In this very room, Fridtjof Nansen, himself a Nobel Peace Prize laureate, delivered the speech in 1926 honouring Gustav Stresemann and Aristide Briand, who were awarded this distinguished prize as the foreign ministers of Germany and France. In his capacity as League of Nations High Commissioner for Refugees, Nansen had witnessed terrible misery in Russia, Greece and Turkey. In his speech, he lamented that people at the time, just eight years after the end of the First World War, had already forgotten the suffering and the victims, without learning the lessons.

In doing so, Nansen addressed a necessary and crucial prerequisite for reconciliation: facing up to history and learning lessons from it. It has taken my country a great deal of effort to go through this process after inflicting immeasurable suffering on Europe. Nazi Germany also brought war to Norway and occupied the country for five years. The German air force attacked the major cities. The German military’s "scorched earth" strategy also left a trail of destruction, especially in northern Norway. Almost the entire Jewish population was deported to the concentration camps by the occupying power.

After such horrendous events, it was hardly surprising that Norway retained for a long time its reserved attitude towards the young Federal Republic of Germany. Perhaps the first step towards closer ties later on was the stationing of Norway’s Germany Brigade, initially as occupying troops and then as allies and friends. Because the Norwegian troops took something valuable back home with them – personal impressions of Germany.

People are mediators between states and societies. They determine whether reconciliation can succeed. Such mediators were present early on between Norway and Germany. Among them were the young, German volunteers who from 1959 onwards set off in the spirit of idealism for northern Norway to take part in building projects as part of the "Action Reconciliation – Service for Peace". And there were individuals who fled to Norway to escape the ideological mania of National Socialism – including people such as Willy Brandt and the author Max Tau, who now lends his name to the German school in Oslo and who founded a Norwegian-German association here in 1960.

But the war also tore open wounds within Norwegian society. After 1945, there were 50,000 people who were held to account for treason and membership of Quisling’s Nasjonal Samling.

The "war children", as they were known, who were unfortunate enough to have been born during the war to a German father and a Norwegian mother, were discriminated for decades. Prime Minister Bondevik offered them an apology in his New Year’s speech in 2000 for the injustices they had suffered. Norwegian society has overcome all of these difficulties – because it was prepared to endure the pain that sometimes accompanies a new encounter with the past.

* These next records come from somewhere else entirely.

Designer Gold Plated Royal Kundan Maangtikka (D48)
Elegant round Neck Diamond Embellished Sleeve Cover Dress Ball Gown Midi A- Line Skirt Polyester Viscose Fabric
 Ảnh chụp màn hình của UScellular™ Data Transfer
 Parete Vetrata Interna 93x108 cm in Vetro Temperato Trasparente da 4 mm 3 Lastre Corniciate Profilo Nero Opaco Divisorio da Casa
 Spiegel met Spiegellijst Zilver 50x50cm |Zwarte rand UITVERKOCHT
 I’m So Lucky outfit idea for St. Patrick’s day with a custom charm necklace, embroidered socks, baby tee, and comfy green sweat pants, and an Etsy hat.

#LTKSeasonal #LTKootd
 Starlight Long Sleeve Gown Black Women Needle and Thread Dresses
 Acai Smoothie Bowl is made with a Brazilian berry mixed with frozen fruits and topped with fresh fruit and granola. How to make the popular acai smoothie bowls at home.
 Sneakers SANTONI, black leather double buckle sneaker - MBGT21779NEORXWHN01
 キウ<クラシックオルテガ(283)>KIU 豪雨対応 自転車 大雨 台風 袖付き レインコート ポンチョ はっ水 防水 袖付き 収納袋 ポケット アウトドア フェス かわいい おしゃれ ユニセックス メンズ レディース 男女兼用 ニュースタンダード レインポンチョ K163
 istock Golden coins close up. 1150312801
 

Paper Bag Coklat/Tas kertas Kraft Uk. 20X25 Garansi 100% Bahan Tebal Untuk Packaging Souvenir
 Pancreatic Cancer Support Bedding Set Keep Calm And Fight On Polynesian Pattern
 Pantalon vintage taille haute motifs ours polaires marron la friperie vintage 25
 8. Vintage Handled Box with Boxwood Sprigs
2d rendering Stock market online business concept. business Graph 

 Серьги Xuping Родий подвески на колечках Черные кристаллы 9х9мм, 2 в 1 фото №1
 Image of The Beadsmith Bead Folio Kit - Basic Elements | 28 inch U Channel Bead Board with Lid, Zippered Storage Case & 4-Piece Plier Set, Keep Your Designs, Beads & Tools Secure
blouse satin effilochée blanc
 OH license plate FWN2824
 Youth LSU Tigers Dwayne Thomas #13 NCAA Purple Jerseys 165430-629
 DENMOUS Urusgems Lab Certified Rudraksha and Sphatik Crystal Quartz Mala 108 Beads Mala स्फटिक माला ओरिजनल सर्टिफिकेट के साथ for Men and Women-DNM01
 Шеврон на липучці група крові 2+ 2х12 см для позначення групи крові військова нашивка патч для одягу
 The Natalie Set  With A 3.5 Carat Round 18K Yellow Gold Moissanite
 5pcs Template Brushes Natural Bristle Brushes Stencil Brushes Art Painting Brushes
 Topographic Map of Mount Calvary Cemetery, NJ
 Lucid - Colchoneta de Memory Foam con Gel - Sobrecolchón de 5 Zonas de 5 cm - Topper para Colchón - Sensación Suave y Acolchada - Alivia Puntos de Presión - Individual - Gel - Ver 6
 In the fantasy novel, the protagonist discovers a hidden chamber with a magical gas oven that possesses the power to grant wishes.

I am very pleased that we are able to have a discussion in this very place about securing peace. To end, I would like to mention a few questions that occur to me in the context of your discussion:

What are the fundamental prerequisites for peace and reconciliation?

How should diplomacy be designed so as to have a preventive effect?

What have been the experiences of those of you who have taken part in peace missions? What should we do differently and better in future?

How do we succeed in controlling clashes in such a way that they do not escalate into armed conflicts?

How can victims be given back their dignity, how can they be given recognition and how can they be offered redress?

And finally: how can perpetrators, hangers on, innocent bystanders and victims succeed in coming together to make a fresh start in a democratic society?

Before you begin your discussion, I would like to sum up by quoting Henrik Ibsen: "As long as there’s life there’s hope." This sentence reminds us that reconciliation can only succeed in a spirit of truth and humanity, and that we must never cease – be it for our own sake or for the sake of others – to seek new paths, beyond conflict, suffering and fear, that lead to a better future.